● Problem requirements: Starting with the line in which "初中生物人教版（2024）七年級下冊3.2.1 水的利用與散失 課件" appears, give back every line exactly as written until the listing ends, excluding pictures.

● Given material:

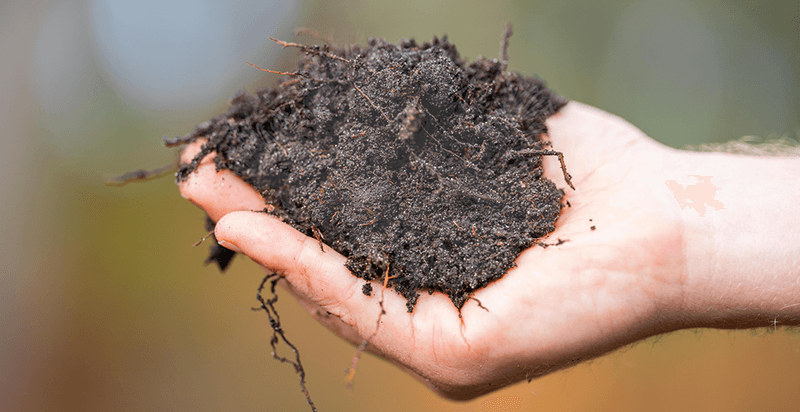 Soil Structure Improvement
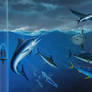 Oceanarium: The Open Sea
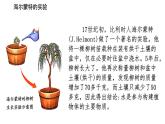 初中生物人教版（2024）七年級下冊3.2.1 水的利用與散失 課件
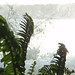 Robert Fern Photo 10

● Final answer:
 初中生物人教版（2024）七年級下冊3.2.1 水的利用與散失 課件
 Robert Fern Photo 10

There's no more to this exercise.